Bishop of Lake Charles

Cathedral of the Immaculate Conception

Lake Charles, Louisiana

June 5, 2016

Tenth Sunday in Ordinary Time

“Young man, I tell you, arise!”  Luke 7:14

Where are we going?  Why do I have to do this?  What is this all about?  These are the questions children ask.  However, when we pause to think for a moment, they are questions adults ask too.  We spend our lives asking questions about motives, objectives, and goals.  In many ways, as children we are merely opening a chapter on our lives that will continue in a book of developments that we cannot foresee or influence, all part of God’s infinitely mysterious plan for us.  But our faith assures us of one certainty.  If we trust and strive to cooperate with God’s will, then we will connect with His good purpose.  As St. Paul writes, “We know that all things work for good for those who love God, who are called according to his purpose” (Romans 8:28).

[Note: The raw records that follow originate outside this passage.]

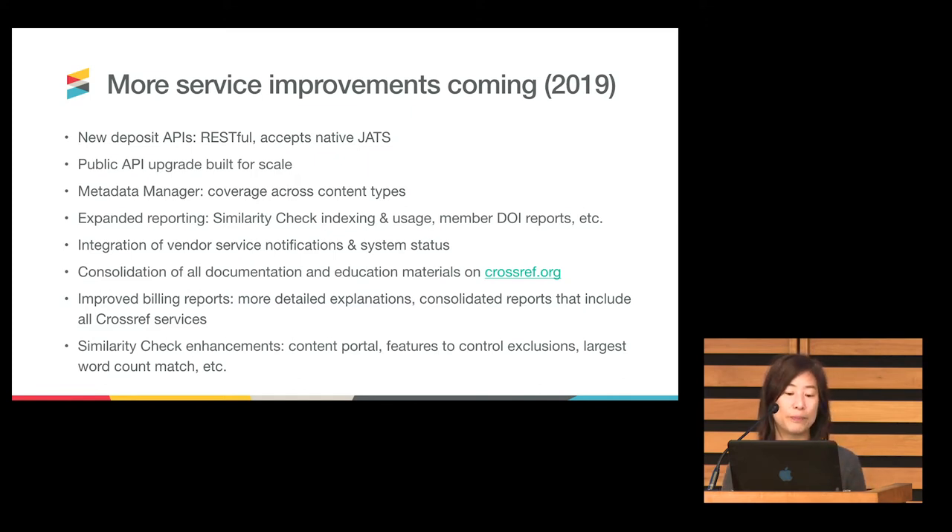We will be working on further scaling our public API, specifically the REST API. Metadata Manager will continue to develop so that members who want to use the tool for more than journal articles will be able to do so. We will be expanding the reporting available to members — some of this has been ad hoc, providing reports when members ask, but we'd like to move toward a completely self-service way for members to get access immediately. The consolidation of documentation and education materials on Crossref.org is a fairly large effort but well underway and one of the big key pieces of 2019.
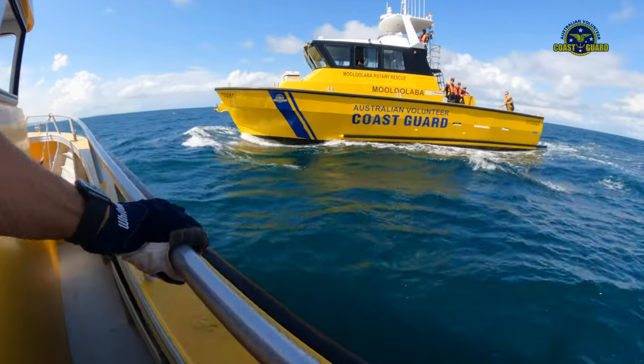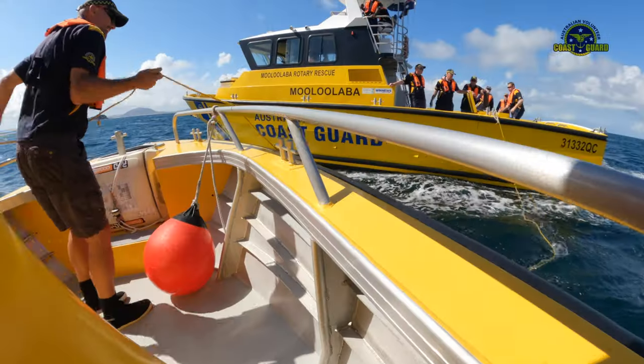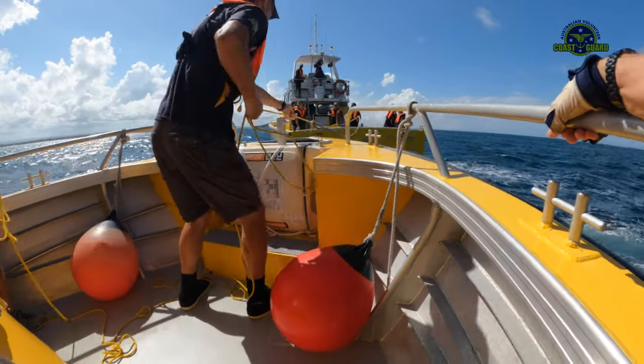After search training, we switch to practicing coming alongside, throwing the heaving line, and towing. Each crew member gets the chance to practice the variety of skills required in close quarter situations.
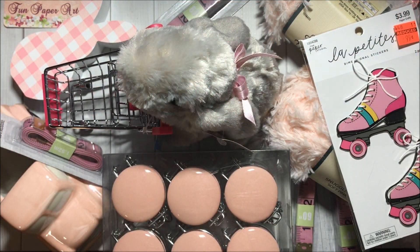Hello crafty friends! Welcome to Fun Paper Art Channel. Today I will be sharing with you a Hobby Lobby haul.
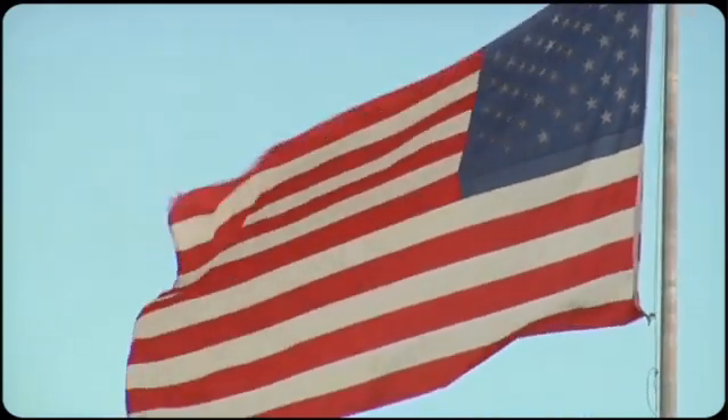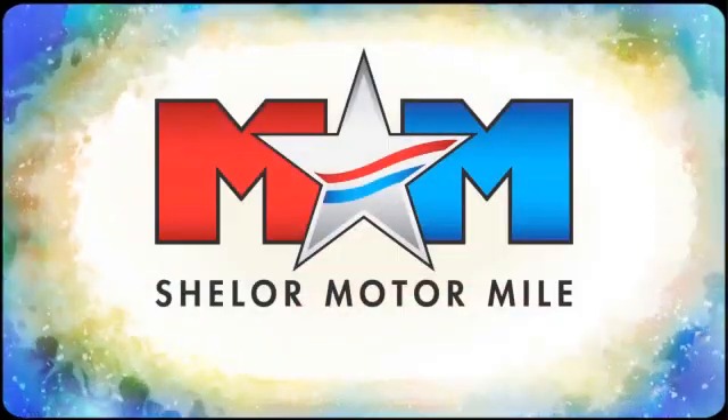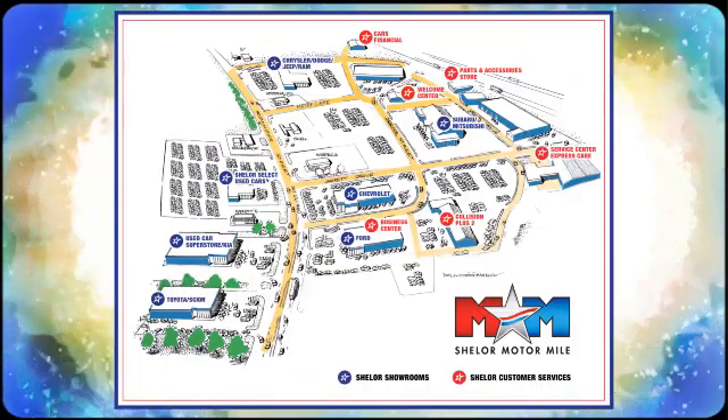Come visit us on the Motor Mile, where you're always a name and never a number. Call, click, or stop in. We're conveniently located at 200 Motor Lane in Christiansburg, Virginia.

With this in mind, I turn to the Gospel of today’s Mass, at which we are also honoring couples celebrating wedding anniversaries.  While making His way to the city of Nain, Jesus encountered at the gate of the city a funeral procession.  As we do in our area out of respect even when the deceased is unknown to us, Jesus stopped.  Every funeral is an occasion for sorrow, but this funeral was particularly distressing.  Every devout Jew would have known the law and practices governing widows.   Sons, not daughters, were obliged to care for their widowed mother.  Here the widow had only one son.  Not only had she lost a child, she had lost her support.  For this reason both the Jews and the early Christians spoke of “[r]eligion that is pure and undefiled before God and the Father is this:  to care for orphans and widows” (James 1:27).
No doubt those questions of childhood would have filled the mind of the widow of Nain.   Where am I going to go?   Why must this happen to me?  What purpose is left?  

Jesus understood this.   He says to her words that seem incomprehensible.   “Do not weep” (Luke 7:13).   Why should she not weep, except for the fact that standing before her is Life itself.   Jesus, “the way, the truth, and the life,” has told the lady to stop crying.   Then, Jesus does what is even more astounding.  He touches the coffin and says, “Young man, I tell you, arise!” (Luke 7:14).   God’s Word is not merely a word.   God acts through His Word.   And, “The dead man sat up and began to speak” (Luke 7:15).  

What do the witnesses to this marvel say?  How do they respond?    They cried out, “God has visited his people” (Luke 7:16).   “[A]ll things work for good for those who love God” (Romans 8:28), who trust in His ways, who are confident of His mercy.  

Today we thank the men and women who have lived faithfully the marriage vows they took many years ago.   How wonderful it would be to hear each of you describe how “God… visited” you in your marriage!     What wonders have you seen God work in your lives?    When you thought the world was collapsing around you, how did you hear God say, “Do not weep”?    And when did you hear the word “arise”?    For if God can raise up an only son for a widow of Nain, then He can indeed do anything.   And He has in you.    This materialistic and selfish world has great need of your witness.  God be praised for having brought you to this moment in your lives.    May we learn the significance of trusting in God’s will.